Con la publicación por parte de Francisco de la exhortación apostólica Amoris Laetitia , los católicos que buscan adherirse a la enseñanza milenarista de la Iglesia, que contradice algunas de las declaraciones del Papa Francisco, inevitablemente serán llamados «más católicos que el Papa» (en Lituania, la forma más común es «más santos que el Papa», pero aquí, para mayor claridad, se traduce literalmente del dicho inglés , tr . past. ).
El viejo dicho «más católico que el Papa» se refería históricamente a un católico que (a menudo inconscientemente) se aferraba a su propia comprensión limitada o errónea de la fe y consideraba sus prácticas católicas como el criterio para juzgar la ortodoxia. Si se dice que alguien piensa (o actúa) que es «más católico que el Papa», se supone que significa que es terco, arrogante, riguroso o que sufre de escrúpulos. Al menos, eso es lo que afirman quienes lo acusan.
La expresión, por supuesto, se relaciona con la doctrina católica sobre la primacía de Pedro y la infalibilidad y jurisdicción universal del Papa. Literalmente, la expresión «más católico que el Papa» implica que el criterio con el que los católicos determinan qué es y qué no es católico deberían ser las palabras y acciones cotidianas del Papa.
Sin embargo, esta visión es errónea.

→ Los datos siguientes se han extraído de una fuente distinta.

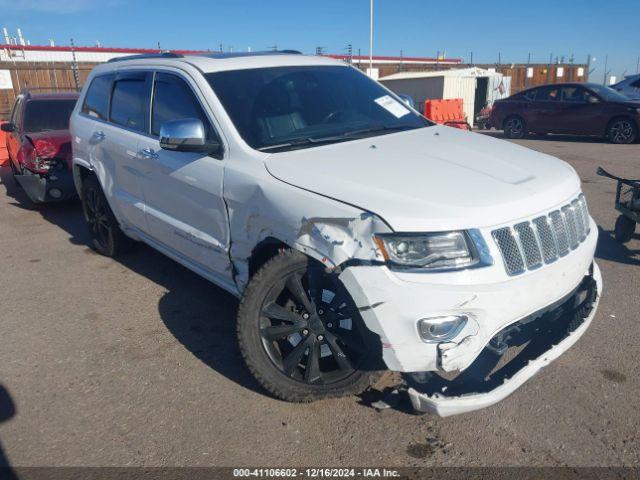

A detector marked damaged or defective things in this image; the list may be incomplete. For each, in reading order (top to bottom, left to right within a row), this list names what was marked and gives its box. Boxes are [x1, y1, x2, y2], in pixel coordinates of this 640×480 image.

Como se explica en la constitución dogmática Pastor Aeternus del Concilio Vaticano I , la Iglesia enseña que «el Espíritu Santo fue prometido a los sucesores de Pedro no para que proclamaran alguna doctrina nueva después de su revelación, sino para que, con su ayuda, defendieran espiritualmente e interpretaran fielmente la revelación o la enseñanza transmitida por los apóstoles».
La fe católica no es algo que cada papa reinvente según su propia opinión, preferencias, comprensión o capricho. El papa solo puede ser considerado un criterio de justicia cuando enseña formalmente «la fe transmitida por los apóstoles», como escribió san Judas Tadeo.
- Cuando el Papa Liberio aprobó la excomunión injusta de San Atanasio el Grande y firmó una fórmula de fe ambigua que podía reconciliarse con la herejía del arrianismo, todo católico fiel a la verdadera doctrina de la Iglesia era…»un católico más grande que el Papa».
- Cuando el Papa Honorio I aceptó opiniones teológicas erróneas y no corrigió ni condenó la herejía del monotelismo, todo católico fiel a la verdadera doctrina de la Iglesia era…«más católico que el Papa». Tenían tanta razón que su sucesor, San León II, lo declaró hereje tras su muerte. «Pronunciamos anatema sobre los inventores del nuevo error, Teodoro, Sergio, […] y también sobre Honorio, quien no buscó santificar esta Iglesia Apostólica con la enseñanza de la tradición apostólica, sino que con desprecio y traición permitió que se profanara su pureza». Durante gran parte de la historia de la Iglesia, los sacerdotes repitieron en oración este anatema pronunciado sobre el Papa Honorio.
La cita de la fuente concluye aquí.